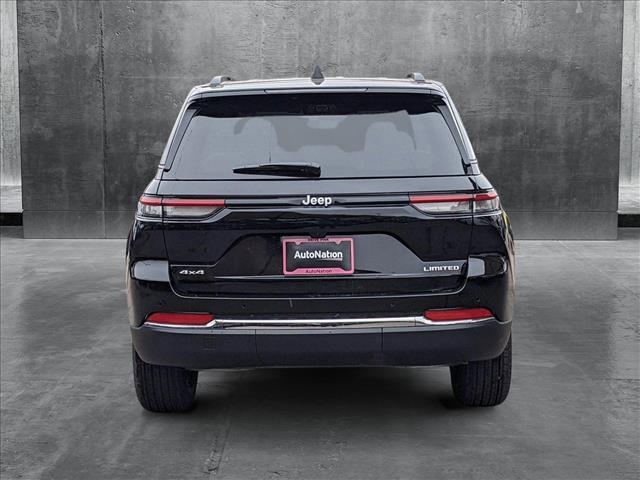 new 2025 Jeep Grand Cherokee car, priced at $49,104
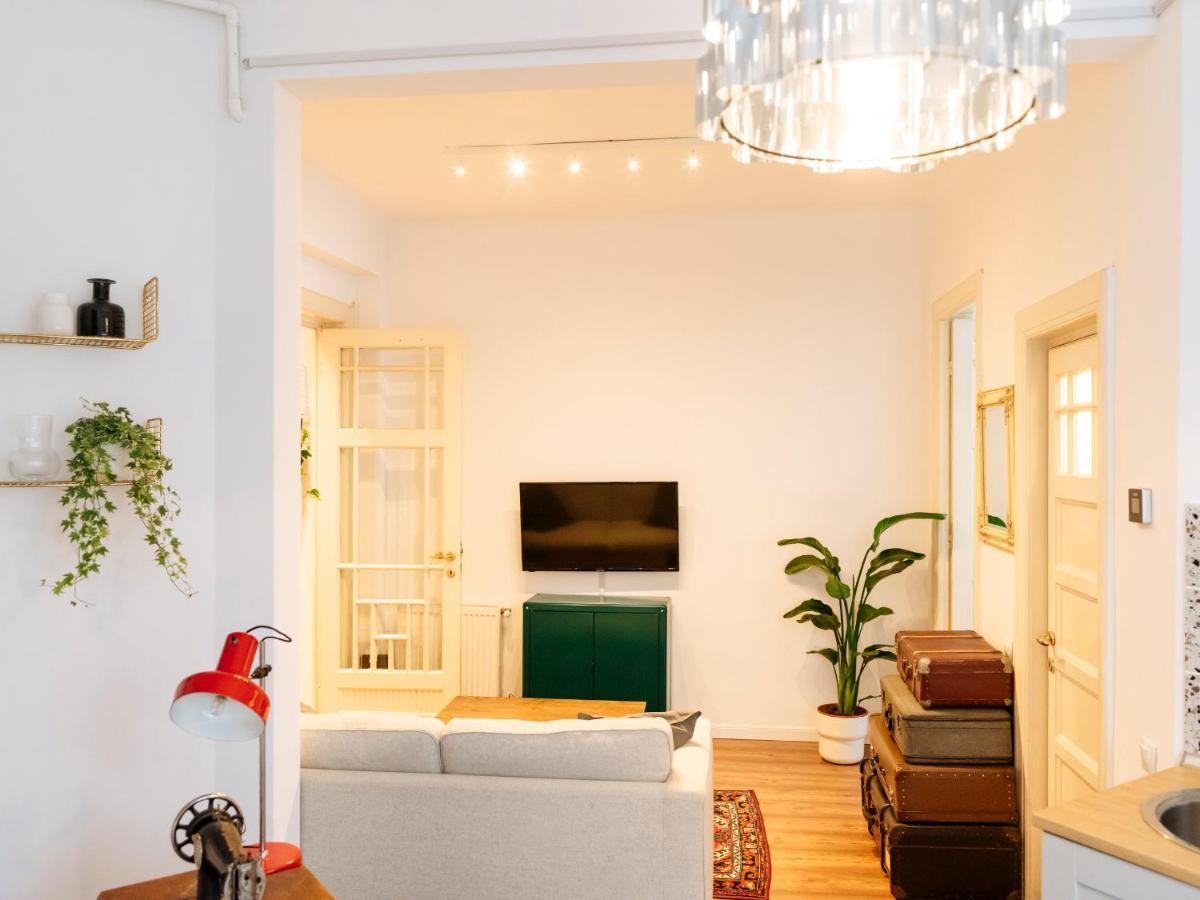 Lovely Vintage Double Studio In City Center Bucureşti Exterior foto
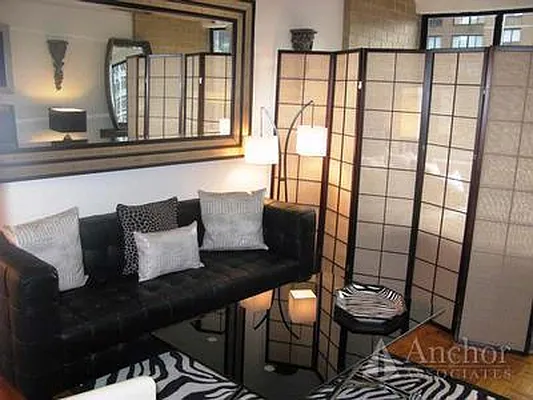 Rented by Anchor Associates | media 2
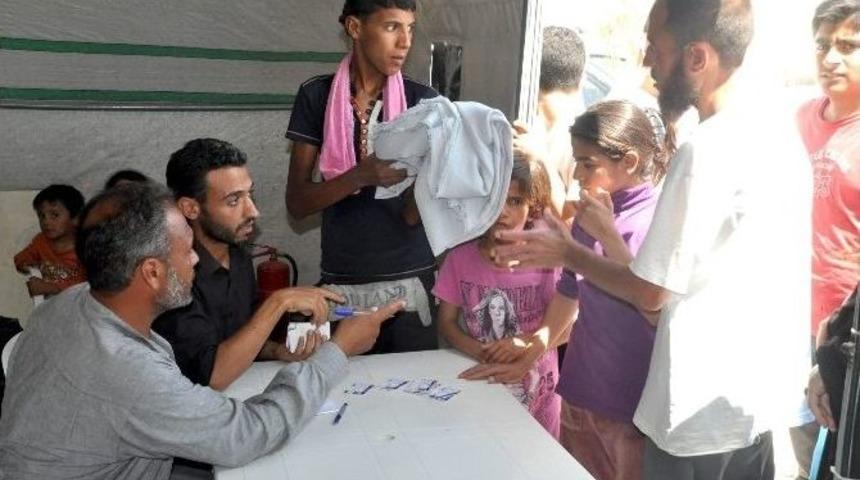 Suriyeli M&uuml;ltecilere 15 Ton Elbiselik Kumaş Dağıtıldı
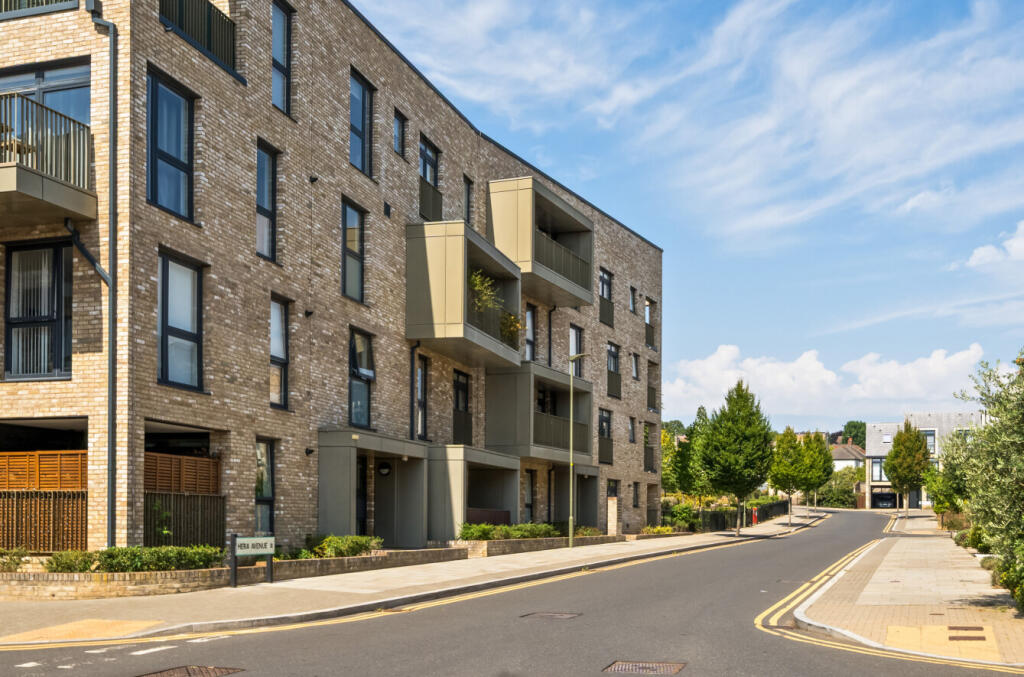 1335390-4-689b2f5...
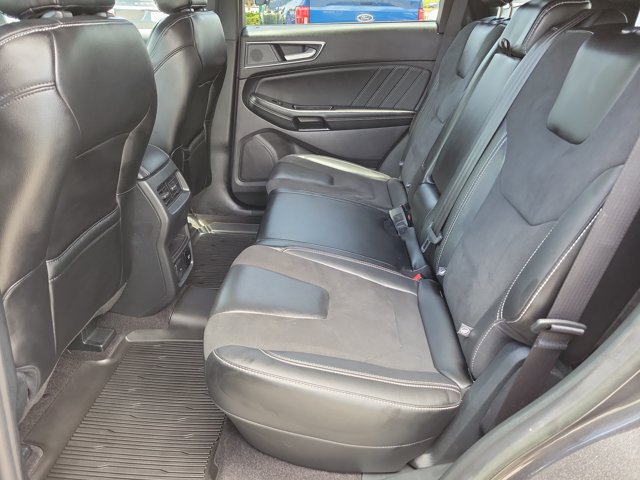 Certified 2020 Ford Edge ST w/ Cold Weather Package AWD/4WD image 11
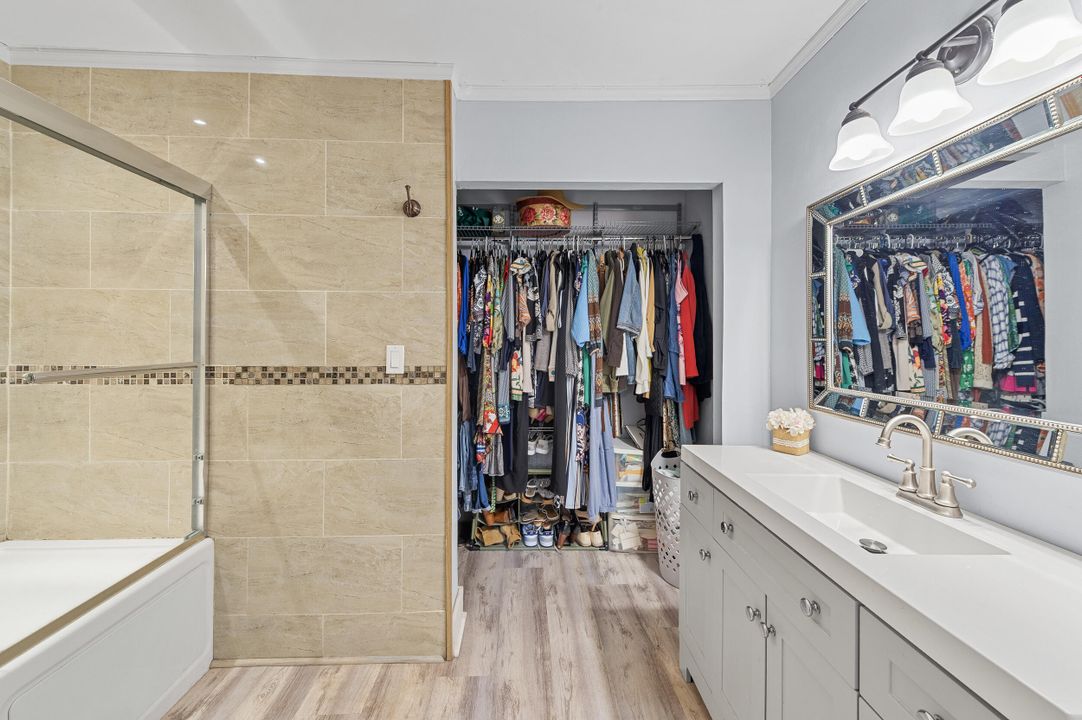 На продажу: $430,000 (3 спален, 2 ванн, 1227 Квадратных фут)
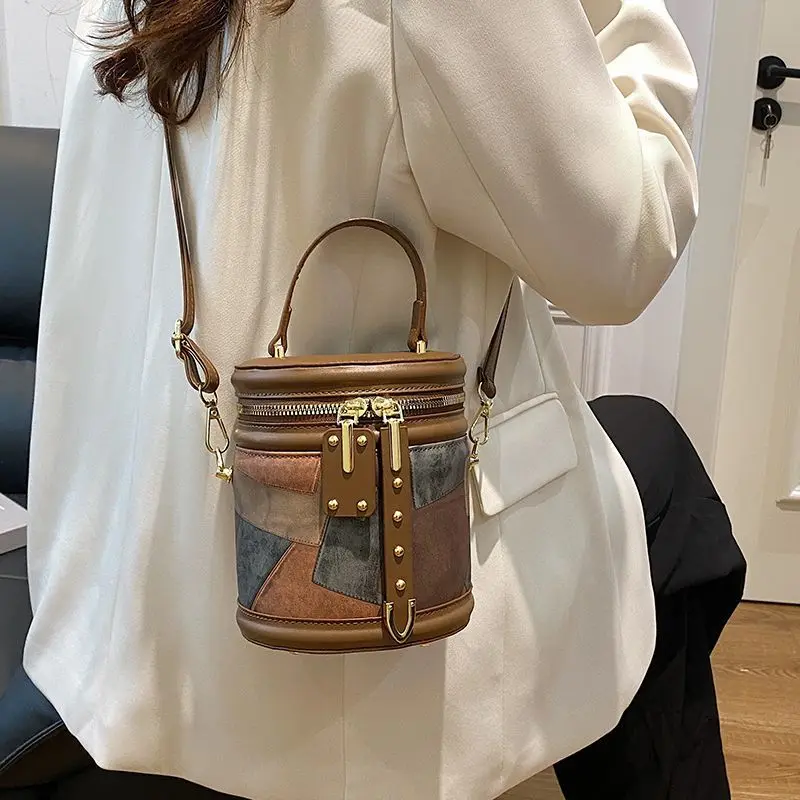 

Мини-сумка-ведро, женская новая осенняя легкая цилиндрическая сумка, роскошная ниша в стиле ретро, индивидуальная сумка-мессенджер Advanced Sense, высокая цена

— What needs to be done —
Leaving every picture out, write out exactly the lines from the one that holds "На продажу: $430,000" through the end of the listing, both included.

— Answer for this exercise —
 На продажу: $430,000 (3 спален, 2 ванн, 1227 Квадратных фут)

Мини-сумка-ведро, женская новая осенняя легкая цилиндрическая сумка, роскошная ниша в стиле ретро, индивидуальная сумка-мессенджер Advanced Sense, высокая цена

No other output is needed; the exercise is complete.